■ EXERCISE DESCRIPTION
Find the line with "Atletico Madrid's Spanish" in the records below. Copy it and every line after it, up to and including the line with "Two hair extensions, one".

■ GIVEN RECORDS
───

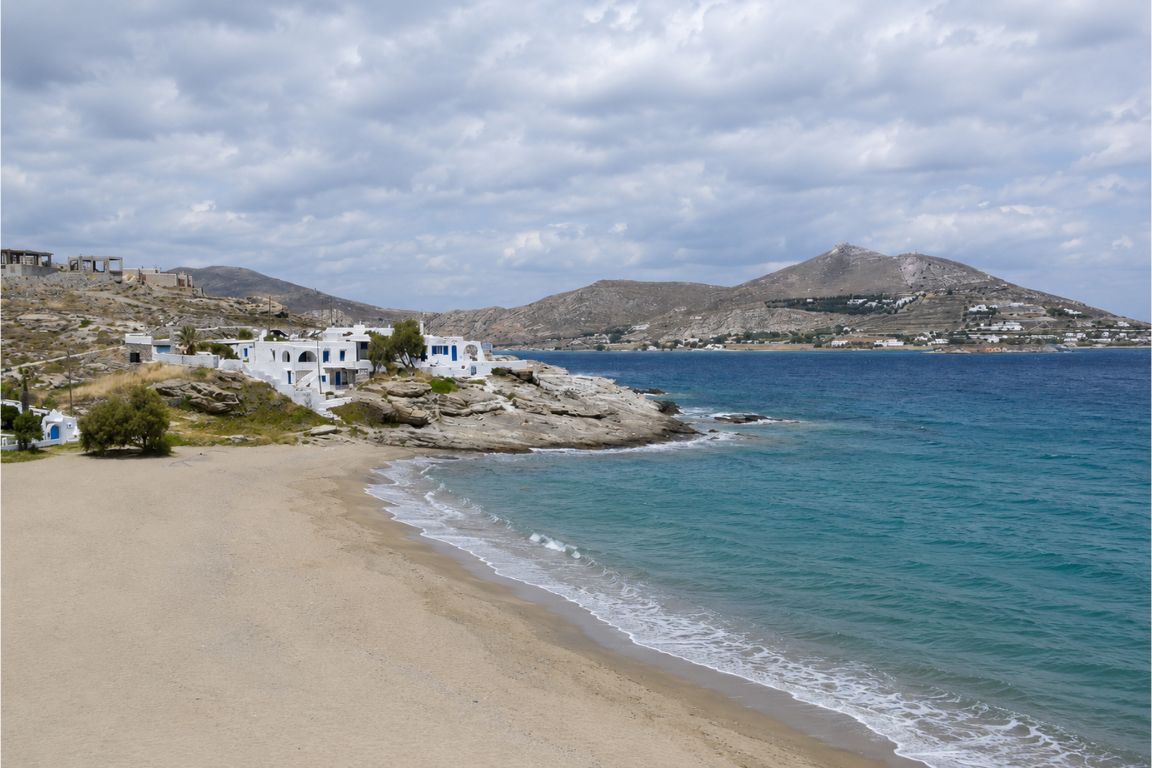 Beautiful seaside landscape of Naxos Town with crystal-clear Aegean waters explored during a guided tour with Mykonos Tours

───

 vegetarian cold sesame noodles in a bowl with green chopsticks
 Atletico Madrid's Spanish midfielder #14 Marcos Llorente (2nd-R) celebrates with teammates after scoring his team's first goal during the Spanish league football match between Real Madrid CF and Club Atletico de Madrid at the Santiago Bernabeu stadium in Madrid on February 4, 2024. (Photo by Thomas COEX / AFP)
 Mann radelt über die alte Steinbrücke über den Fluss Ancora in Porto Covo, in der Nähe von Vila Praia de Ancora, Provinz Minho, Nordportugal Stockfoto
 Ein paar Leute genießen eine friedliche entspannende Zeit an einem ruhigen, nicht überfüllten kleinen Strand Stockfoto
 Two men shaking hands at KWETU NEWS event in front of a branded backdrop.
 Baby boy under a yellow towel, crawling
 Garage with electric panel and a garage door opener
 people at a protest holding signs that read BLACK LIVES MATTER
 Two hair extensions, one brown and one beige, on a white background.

───

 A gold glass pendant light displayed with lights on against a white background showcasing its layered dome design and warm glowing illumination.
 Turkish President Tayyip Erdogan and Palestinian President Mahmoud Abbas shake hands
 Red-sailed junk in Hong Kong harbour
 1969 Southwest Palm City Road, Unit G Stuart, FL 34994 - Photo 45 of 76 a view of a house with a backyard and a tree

───

■ OUTPUT OF THE TASK
 Atletico Madrid's Spanish midfielder #14 Marcos Llorente (2nd-R) celebrates with teammates after scoring his team's first goal during the Spanish league football match between Real Madrid CF and Club Atletico de Madrid at the Santiago Bernabeu stadium in Madrid on February 4, 2024. (Photo by Thomas COEX / AFP)
 Mann radelt über die alte Steinbrücke über den Fluss Ancora in Porto Covo, in der Nähe von Vila Praia de Ancora, Provinz Minho, Nordportugal Stockfoto
 Ein paar Leute genießen eine friedliche entspannende Zeit an einem ruhigen, nicht überfüllten kleinen Strand Stockfoto
 Two men shaking hands at KWETU NEWS event in front of a branded backdrop.
 Baby boy under a yellow towel, crawling
 Garage with electric panel and a garage door opener
 people at a protest holding signs that read BLACK LIVES MATTER
 Two hair extensions, one brown and one beige, on a white background.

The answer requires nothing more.